It’s easy to see why the Pearl Theatre Company programmed The Sneeze, an umbrella title covering eight one-acts derived from the works of Anton Chekhov. The evening offers a variety of comic and dramatic roles for several of the company’s stalwarts. Everyone has a chance to shine, and yet the whole is less than fulfilling. The shifting tones make for an unsettling experience, and at times in J.R. Sullivan’s production, the comedy plays like a blunt force object. Four plays are one-acts that Chekhov wrote for the theater, and two of those are monologues. The other four are adaptations of short stories, at which the Russian author was prolific. (Jo Winiarski’s carnival-like proscenium of a decrepit old playhouse with plank floors that turn up like skis at the footlights emphasizes the theatrical aspect and camouflages the more prosaic sources of the other pieces). Characters range across classes: peasants and landowners, rich and poor, military hierarchies and civilian masters and servants, actors and professors.

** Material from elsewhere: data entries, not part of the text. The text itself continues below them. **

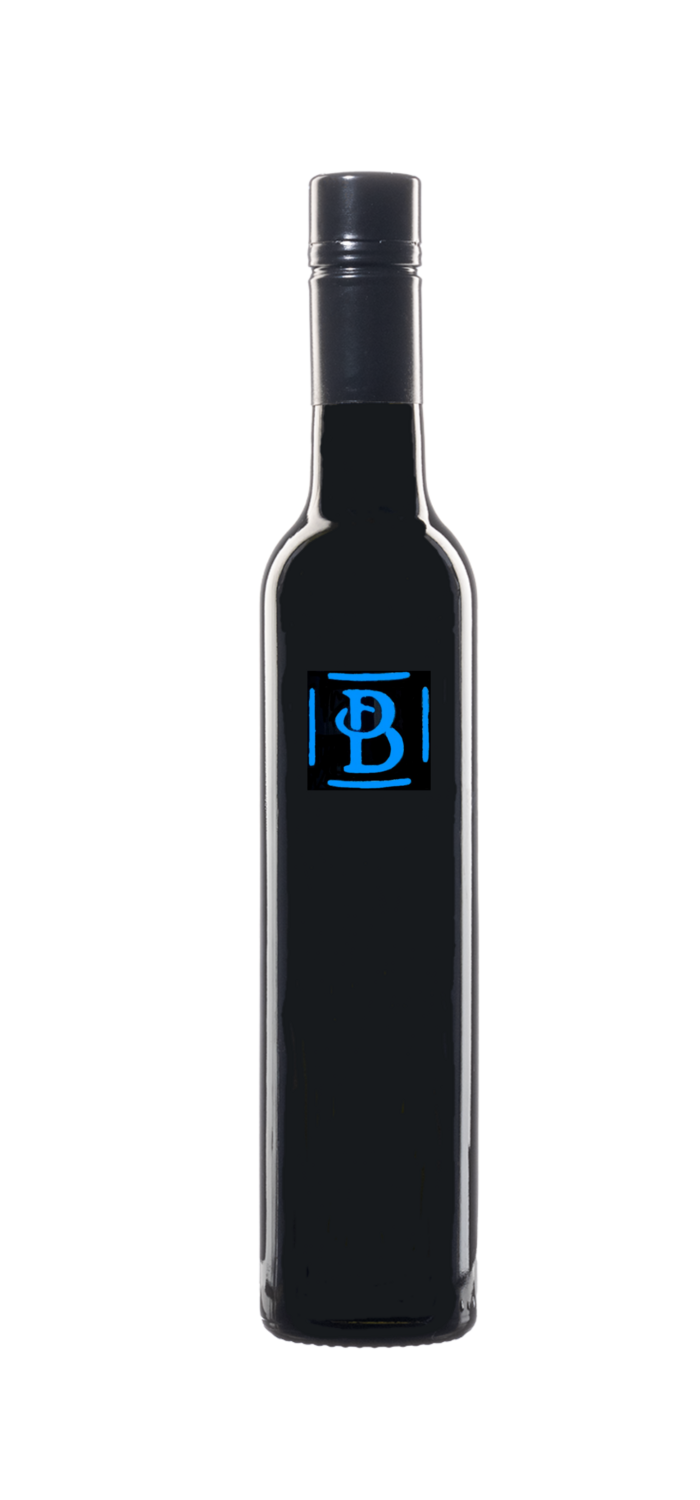 Madère de Tawny 2020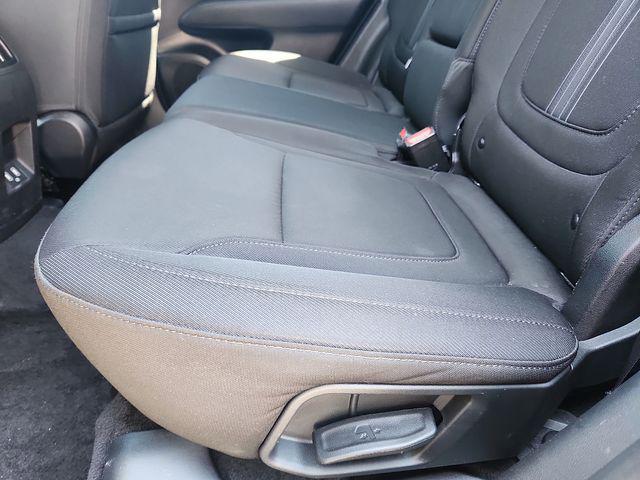 2024 Hyundai Tucson - $23,899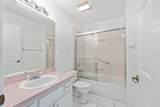 6511 85TH Street - Photo 29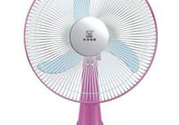 怎樣清洗小型電風(fēng)扇？清洗小型電風(fēng)扇的方法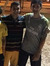 Mosab Q...
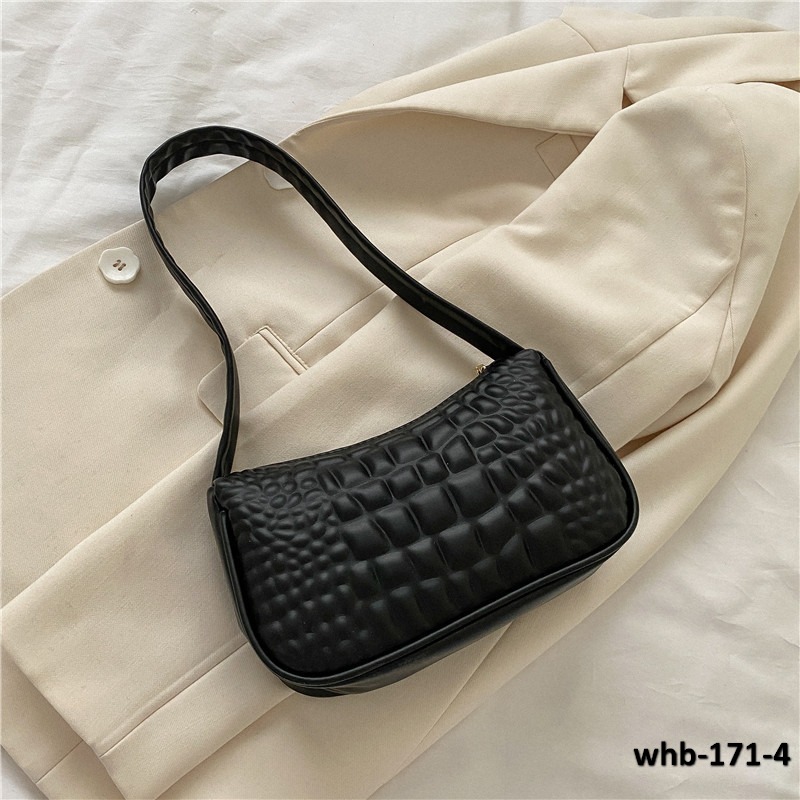 whb-171-4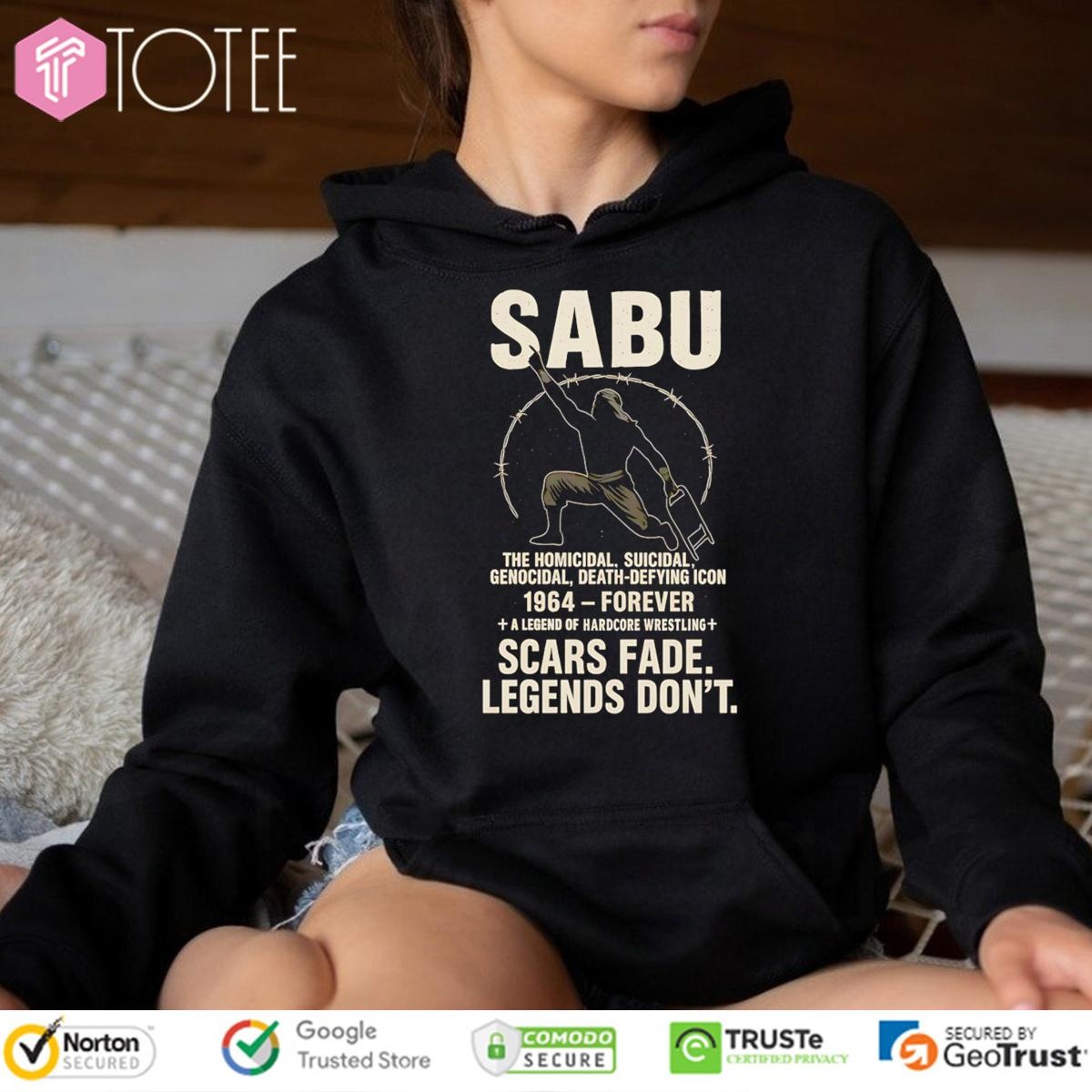 Hoodie Hoodie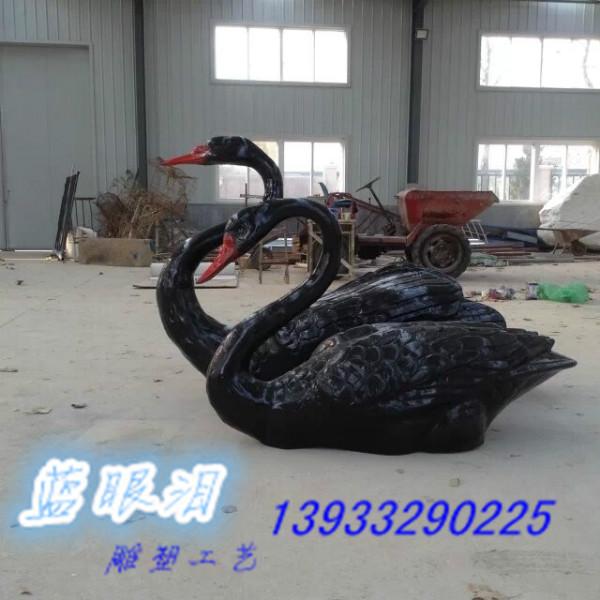 供應(yīng)玻璃鋼雕塑公司*廠家*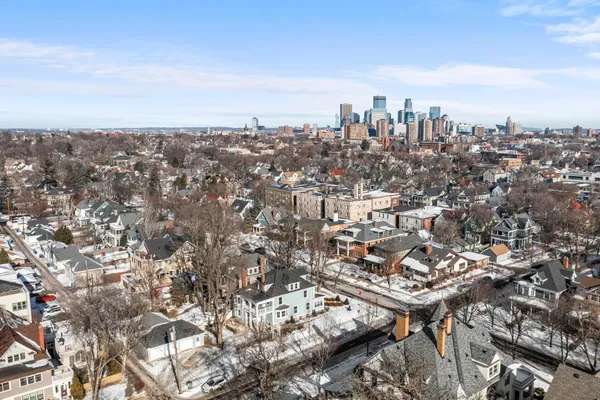 $1,333,500 | 2320 Humboldt Avenue South, Minneapolis, MN 55405
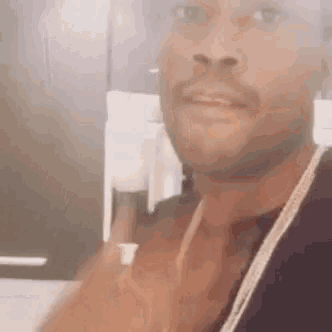 Meek Mill GIF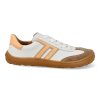 G3130287 3 barefoot tenisky froddo f motion white 2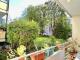 Zusätzliche Räume im UG, ideal für Homeoffice, Yoga, Fitnessraum.. inkl. Dusche und WC Wohnung kaufen 79114 Freiburg im Breisgau Bild thumb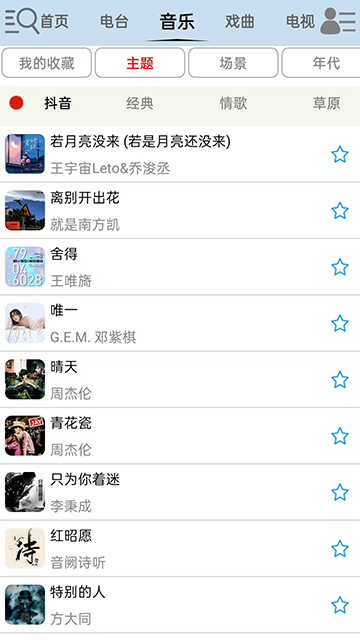 鴿ͼ1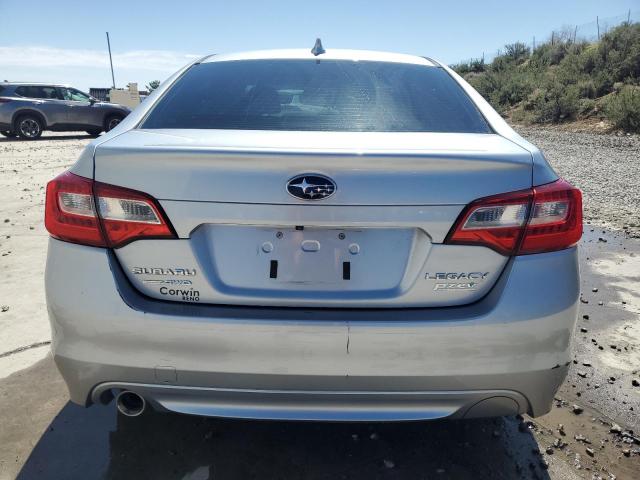 4S3BNAC63H3007471 Subaru u5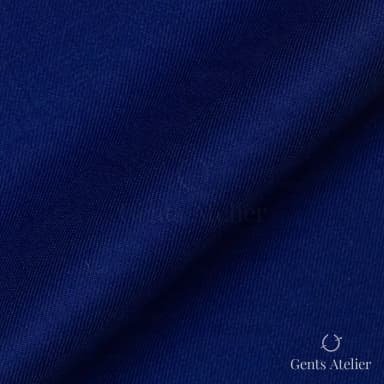 Драпировка ткани Vitale Barberis Canonico 1250019 крупным планом
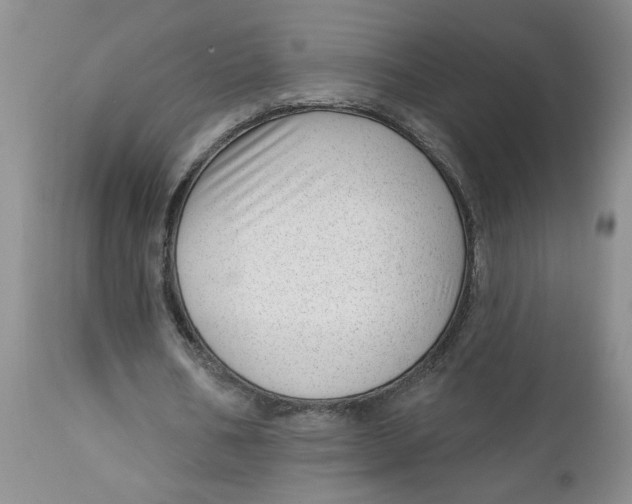 X0000112740578200909101518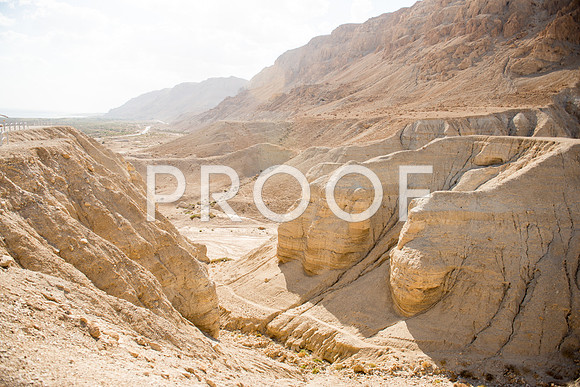 2018_Israel_Trip_05_04-7523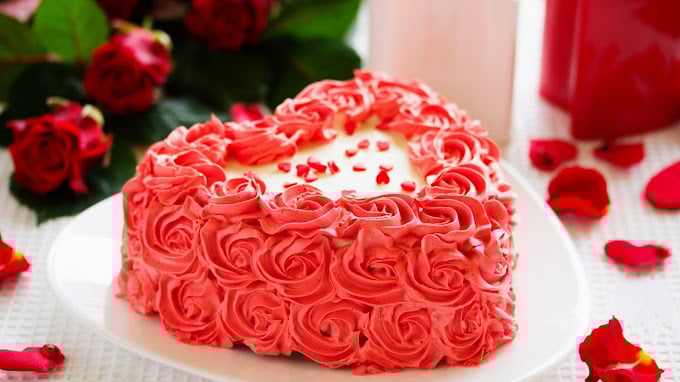 Online cake delivery in Chennai - 5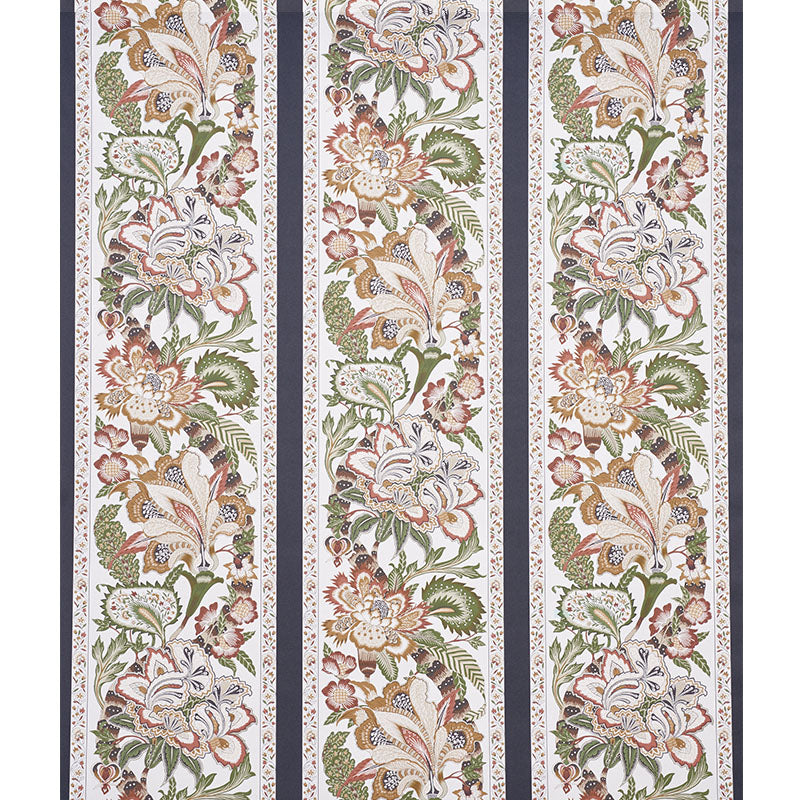 ANJOU-STRIPE-SAFFRON-SCHUMACHER-5010172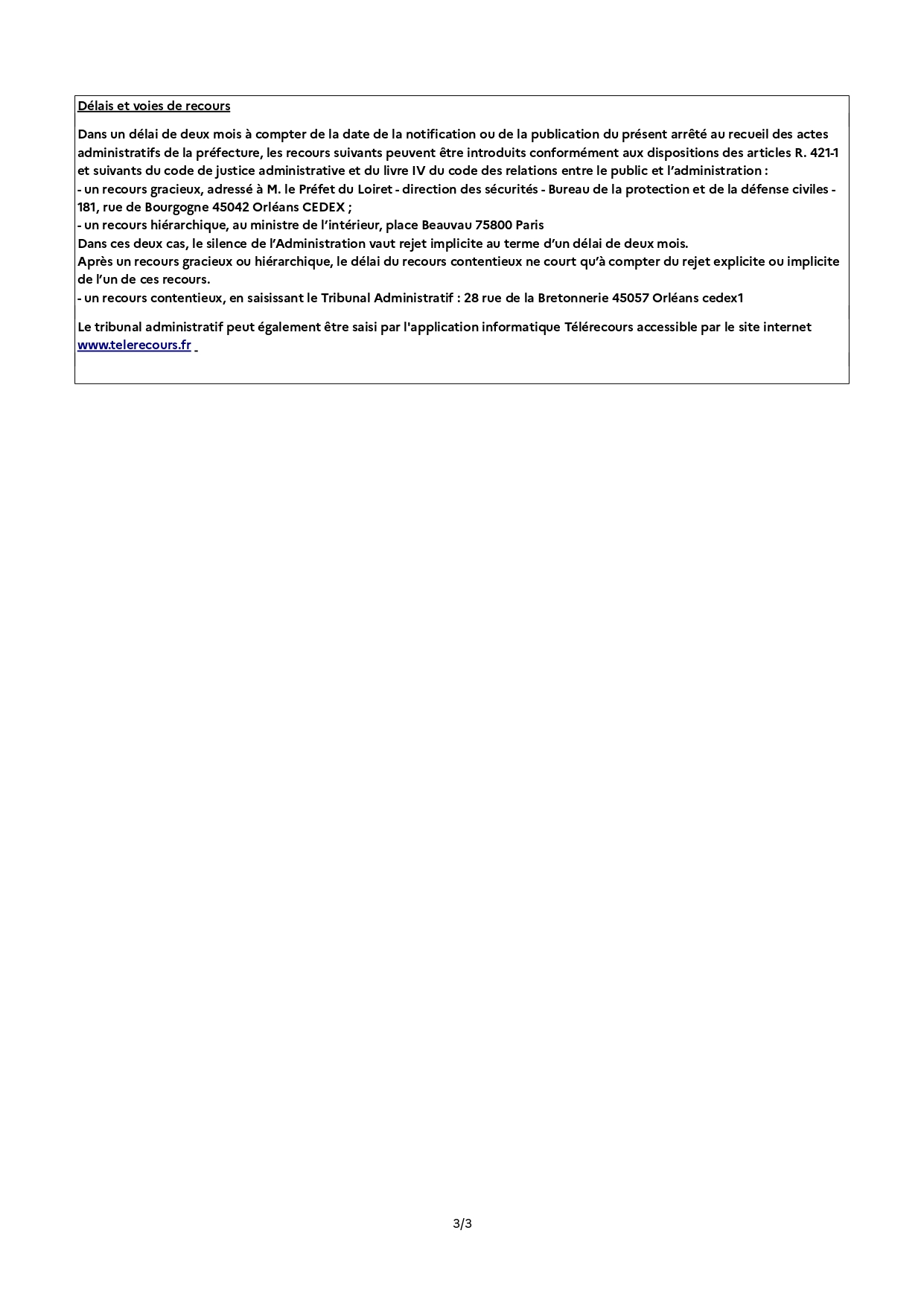 PREF45_PUB_RAA_ARRETE-INTERDICTION-MANIF-SPORTIVES_20260710_page-0003.jpg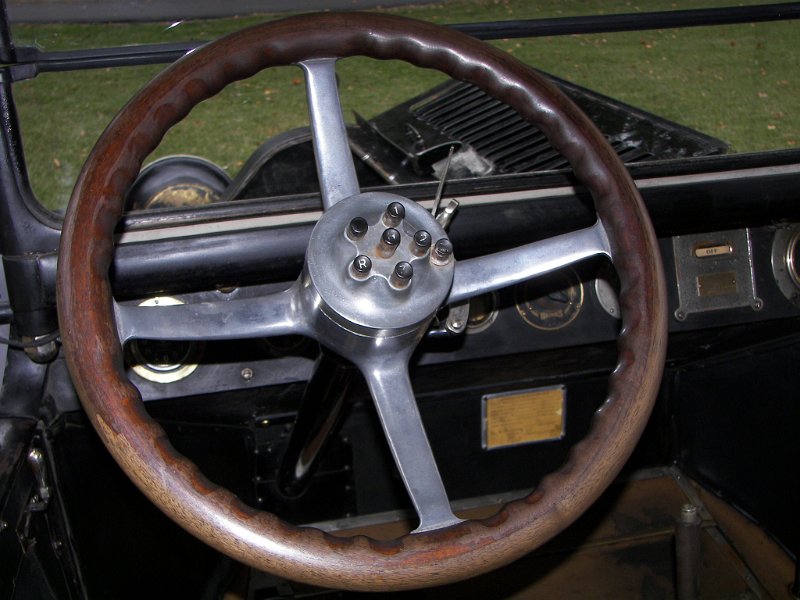 100_3687.jpg - 1915 Haynes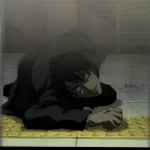 Farewell, Raye Penber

The title piece, one of the four adaptations, is one of the funniest and most successful. Introduced briefly by “storytellers,” the piece has no dialogue. A military officer named Chervyakov (Chris Mixon) and his wife (Lee Stark) are sitting behind a Gen. Brizzhalov (Bradford Cover) and his wife (Rachel Botchan). Chervyakov sneezes, and as he does so he deposits something disgusting on the top of Brizzhalov’s head. As Chervyakov tries to clean up Brizzhalov unobtrusively and not appear a fool or boor, he invokes much comedy involving dirty handkerchiefs and fans. Acted superbly, it’s like a silent movie, and in many respects the broad style of silent film comedy carries over to the dialogue-driven pieces.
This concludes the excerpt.